Avevo tanta paura e tanta voglia di tornare dalla mia famiglia. Così ho ucciso in maniera a dir poco spietata, oh ero proprio come un dio, splendido e crudele, oh quel tridente dorato tra le mani mi faceva sentire come se il mondo intero fosse ai miei piedi, oh uccidere era diventato bello per me, un vanto. Così sono tornato. E tutto, tutto quanto è andato peggiorando.
A quattordici anni ero già innamorato di Annie e quell’anno, quando lei ne aveva dodici, temevo che il suo nome sbucasse fuori assieme al mio. Da quando poi sono diventato un Mentore ho tremato di più ad ogni Mietitura, temendo che quel nome prima o poi sarebbe scappato fuori dall’urna.
Annie Cresta.
Le parole che mi hanno salvato.
Sussulto quando mi accorgo che qualcuno sta bussando violentemente alla mia porta.
            “Che c’è?!” grido infuriato.
            “Finnick, ti conviene venire di là” è Marcus e la sua voce trema.
            “Voglio stare solo” sibilo.
            “Finnick. Siamo al gran finale”.
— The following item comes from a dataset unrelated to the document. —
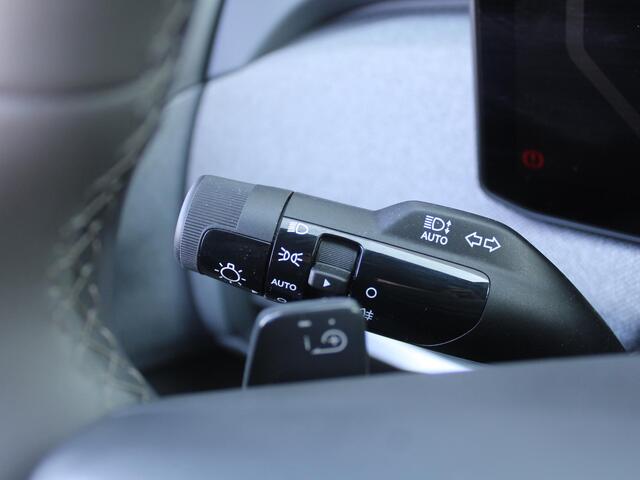 KIA EV3 Plus 81.4 kWh | Stuur-/stoelverwarming | Camera | 19" LM | Cruise adapt. | Dodehoek detectie | Draadloze telefoonlader | LED | Clima | Navi |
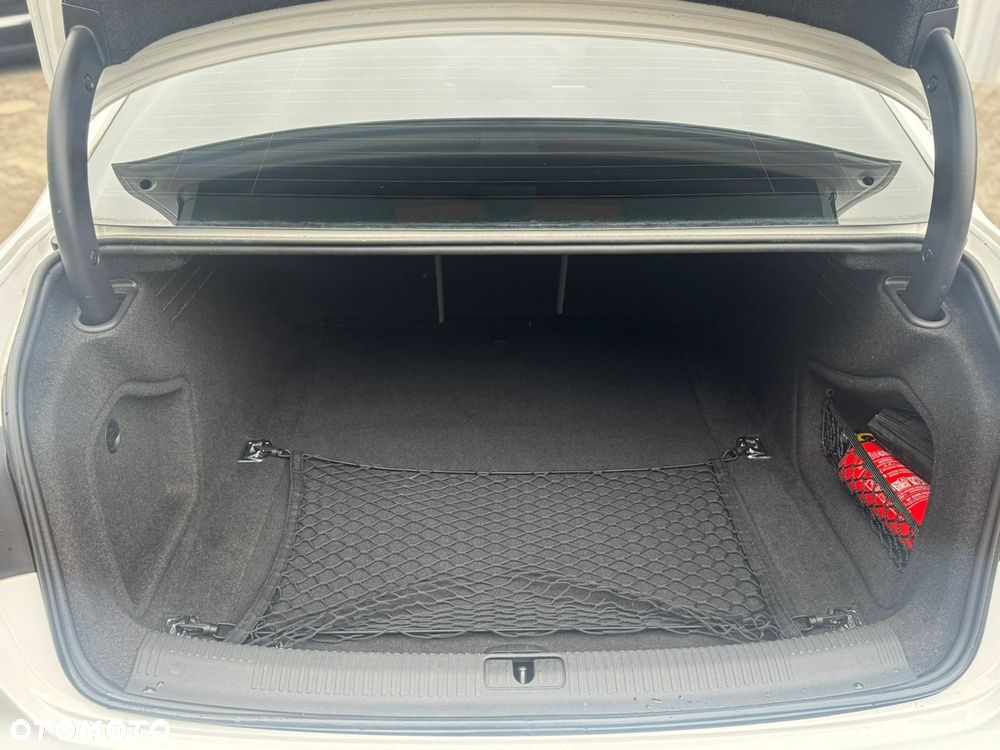 Audi A4 Limousine - 13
Senza nemmeno accorgermene sono davanti alla porta e l’ho aperta. Sto piangendo senza saperlo e Marcus, di fronte a me, ha gli occhi lucidi e le guance rigate dalle lacrime.
Il gran finale.
L’ultima battaglia di Annie Cresta.


BACHECA DELL'AUTRICE: ci siamo, lo avete capito anche voi vero? Dal prossimo capitolo sarà tutta azione-e-pazzia, e non avete idea di quanto io sia triste. Spero che il capitolo vi piaccia e che vi lasci quel senso di amarezza e disperazione che pervade Finnick in questo momento. Spero non mi odierete prossimamente e vi ringrazio per essere arrivati fin quaggiù a leggere. Amo sempre quando recensite, mi piacerebbe che più persone avessero il coraggio di farlo, perché i vostri consigli, le vostre critiche e i vostri complimenti sono per un momento importantissimo di crescita. Sempre e comunque. Mi auguro che queste mie parole vi spingano a recensire di più.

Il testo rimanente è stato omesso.